Language is a natural medium for people to communicate with and direct robots. Research on language-guided robots lets users specify high-level goals like Push the full barrel [1, 2] and lowerlevel instructions like After the blue bale fly to the right towards the small white bush [3, 4] . Meanwhile, commercial dialog-enabled smart assistants are imbued with expanded language capabilities, but have limited interaction with the real world. Dialog-enabled robots combine these strengths, facilitating task completion [5] , task learning [6, 7] , and language learning [8] .

Two related skills are needed across potential robot applications, from search and rescue missions to assistive guidance in an office building: localization and navigation. For a non-expert user, dialog facilitates both. The user can ascertain where the robot is by making requests like Describe your surroundings and give instructions for where to go next, such as go toward the edge of the maze. There is an array of benchmarks for vision-and-language navigation (VLN), where an agent learns to follow such language directions in simulated environments [9, 10, 11, 12] .

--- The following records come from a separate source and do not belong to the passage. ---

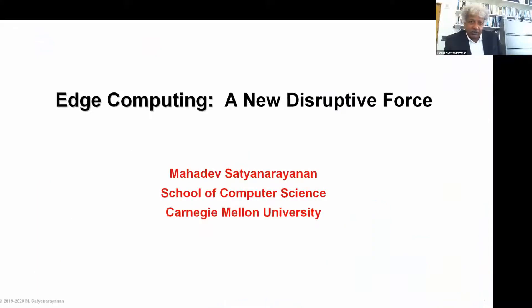Thank you for giving me this opportunity to share my thoughts about why I think edge computing is so exciting and why I believe it is going to be both the source of many disruptive opportunities and also very good research in the future.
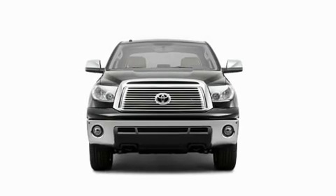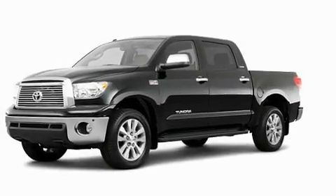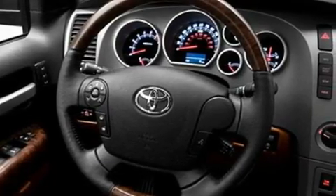Additional features include a double wishbone independent front suspension, 18-inch alloy wheels, a low tire pressure indicator, heated side view mirrors, and heated seats that can warm you up in seconds, keeping you and your passengers comfortable the whole trip.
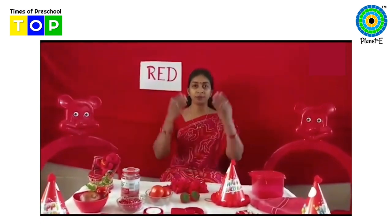Good morning children. How are you all? Today we will learn something new. Can you observe something?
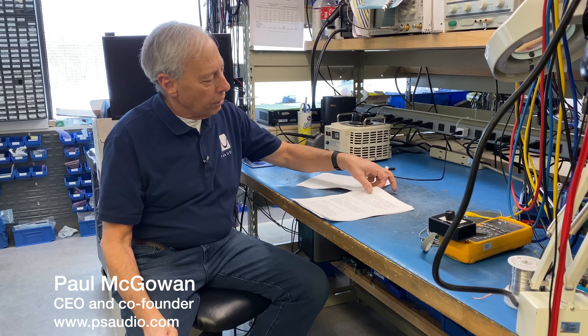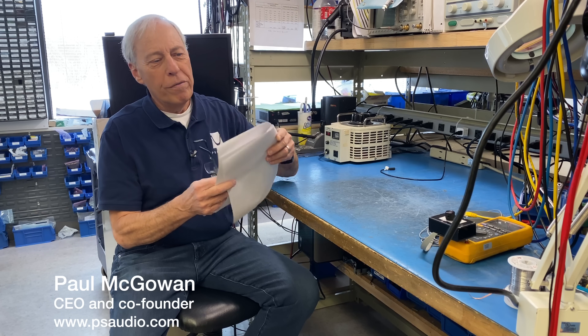How are speaker impedances chosen? This question comes from Jerry in Vancouver, Canada.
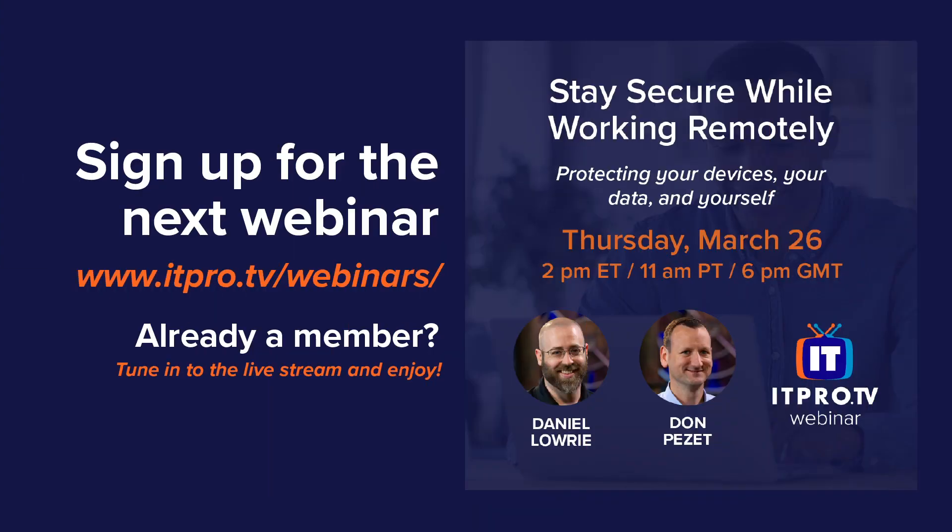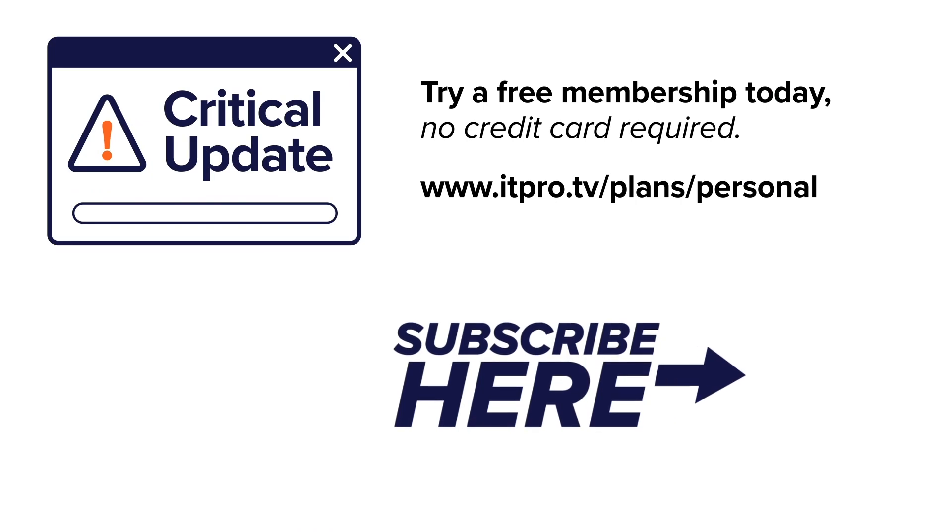So those are all some various steps that we can take to ensure that people are working securely and safely, even when they're at home. Now I covered those pretty quickly — if you want to learn more, be sure to tune in for our webinar coming up on March 26th: 'Stay Secure While Working Remotely.' You can sign up for free at itpro.tv/webinars. Also check out our playlist here on YouTube for more critical updates, and be sure to subscribe to the ITProTV channel.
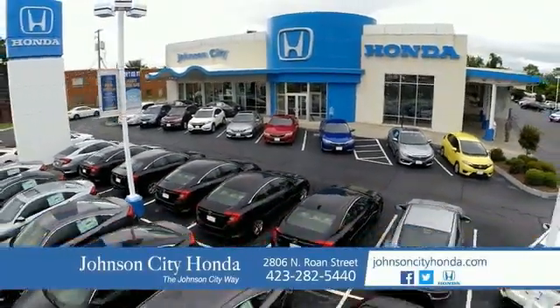We love our customers and the great products that we sell. That's the Johnson City way. Johnson City Honda, Johnson City.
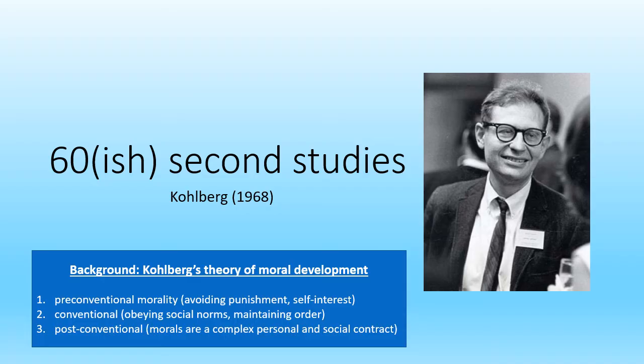He said these levels, these stages, develop universally across different cultures, and his study set out to support that. I'm going to start the timer and we'll get into the study itself.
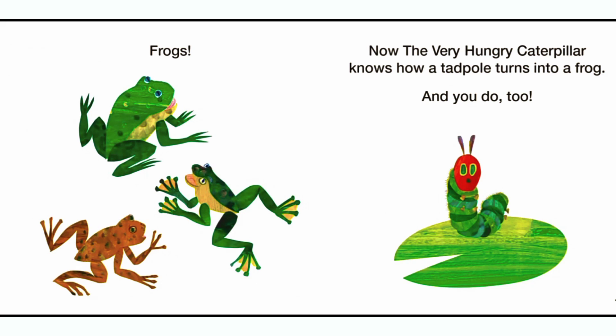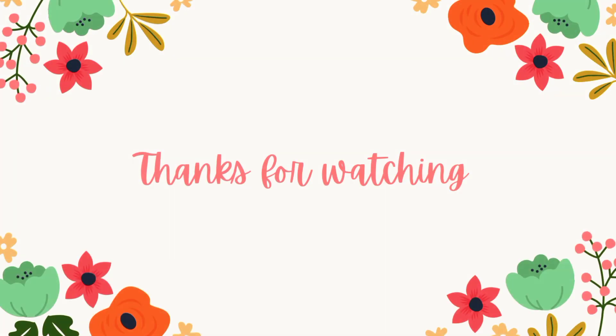Frogs! Now the Very Hungry Caterpillar knows how a tadpole turns into a frog. And you do too. The End. Bye!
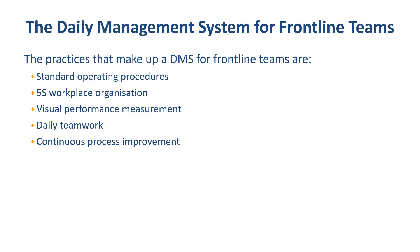The next part is the daily management system for frontline teams. The DMS also works at other levels in the organization, but here we are focusing on the DMS practices for frontline teams. The practices that commonly make up a DMS start with standard operating procedures, or SOPs, so that we can use the correct work procedures that are currently the best known practice for doing the work. 5S workplace organization refers to getting our workplace organized so that we can maintain an environment conducive for doing the work right first time without delays.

Models optimizing performance on simulation-only benchmarks do not consider physical robot navigation limitations, employing unrealistic strategies like beam search [13] , repeatedly creating panoramas from egocentric cameras [14] , or assuming pre-exploration of the environment [15] . Where simulation allows the collection of such large-scale benchmarks, efforts in learning-based robotics are limited by expensive data collection and require more robust, sample-efficient models.

To address this gap, we introduce Robot Simultaneous Localization and Mapping with Natural Language (RobotSlang), a benchmark of human-human cooperative trials for controlling a physical robot to visit object goals while communicating in natural language ( Figure 1 ). RobotSlang data is collected on a physical robot platform and is directly applicable for training a language-guided robot to follow human language instructions, which can otherwise require careful transfer techniques [16] . Figure 1 : The COMMANDER and DRIVER communicate through a web application. The COMMAN-DER sees a static map and an image of the next target object (left). The DRIVER sees the first-person camera feed from the robot (a small rover controlled by a raspberry pi with an attached HD webcam) and can send the robot movement commands (right). Participants cooperate through a chat interface to guide the robot to a sequence of three target objects (bottom right). We synchronize, capture, and annotate the raw dialog text, sensor observations, and map data to create the RobotSlang benchmark.

A learning agent reacting to human language instructions should be embodied in the real world and be able to carry on dialog with human users [17] . To this end, RobotSlang combines aspects of two research efforts: language-guided virtual agents in simulation and situated, human-robot dialog for guiding robot behavior. Table 1 summarizes the key differences between RobotSlang and comparable benchmarks across the language, vision, and robotics communities. RobotSlang provides a resource for studying how humans use language to cooperatively control a physical robot. As with initiatives like the Duckietown [18] and MuSHR [19] , our physical robot setup can be recreated in other labs to make use of RobotSlang data for training and evaluation.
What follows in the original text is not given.